# euro lights for 200?



## drunk_monkey (Apr 28, 2004)

Does anyone have these lights or know where to get them? I have a '90 200 and saw this picture and think they look soooo much nicer than the stock lights. I'm not even sure if the picture is of a 200 or another model but I would love to get something similar if available...


----------



## Sepp (Dec 10, 2002)

*Re: euro lights for 200? (drunk_monkey)*

Those are not the factory lamps on the European cars, but I've seen them on many 80/90/coupe quattro rally conversions..
Here's a picture of a Euro spec lamped 200


----------



## oldsklaudidub (Aug 29, 2006)

*Re: euro lights for 200? (drunk_monkey)*

yah heres a link to my project page so you can get a better look at what they are.
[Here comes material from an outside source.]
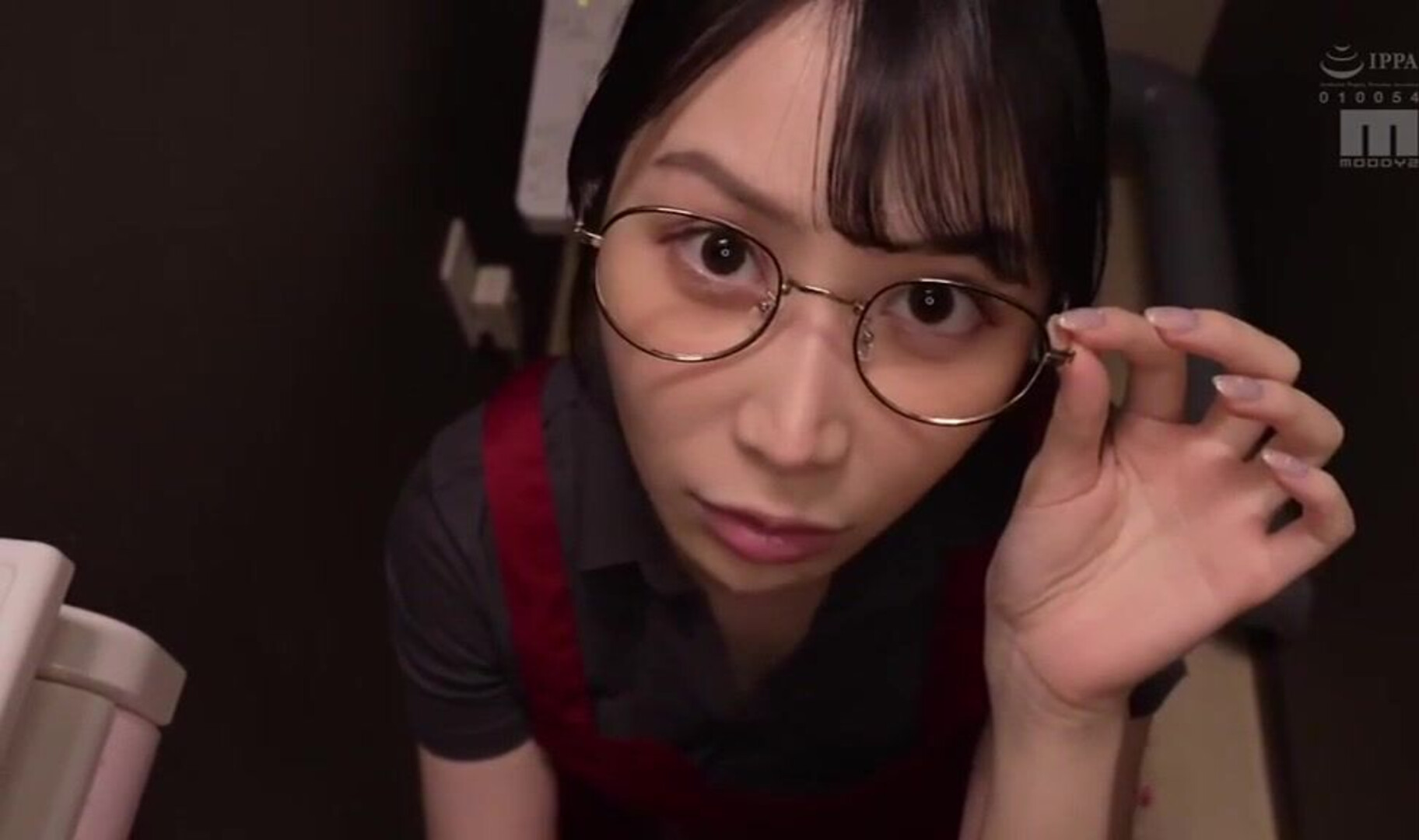 Mikr 056 — The Plain Shy Glasses Wearing Sister At Her - asian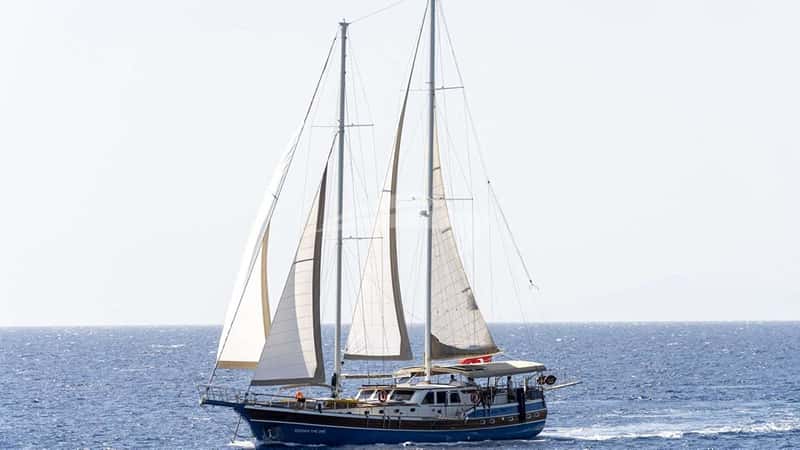GOZDEM THE ONE 26m motor yacht charter, photo 8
http://www.motorgeek.com/phpBB...rt=25


----------



## drunk_monkey (Apr 28, 2004)

*Re: euro lights for 200? (oldsklaudidub)*

thanks...thats a nice post of your project http://****************.com/smile/emthup.gif 
have you ever seen someone try to fit those dual-round lights on a 200? i can't imagine there would be to many mods needed to make 'em fit. i think they look so much nicer than the rectangular ones.


----------



## oldsklaudidub (Aug 29, 2006)

*Re: euro lights for 200? (drunk_monkey)*

custom fab. this is what id do. get a pair of the old quad brackets. the get some circle lights and figure out how to mount them. to clean up the gaps and make a clean smooth face. get some wade headlamp covers, cut out circles for the lights and lightly sand the covers and spray then with some gloss black paint. and run the wiring with some 30 or 40 amp relays. id say use four, two for each side one for highs and one for lows.


----------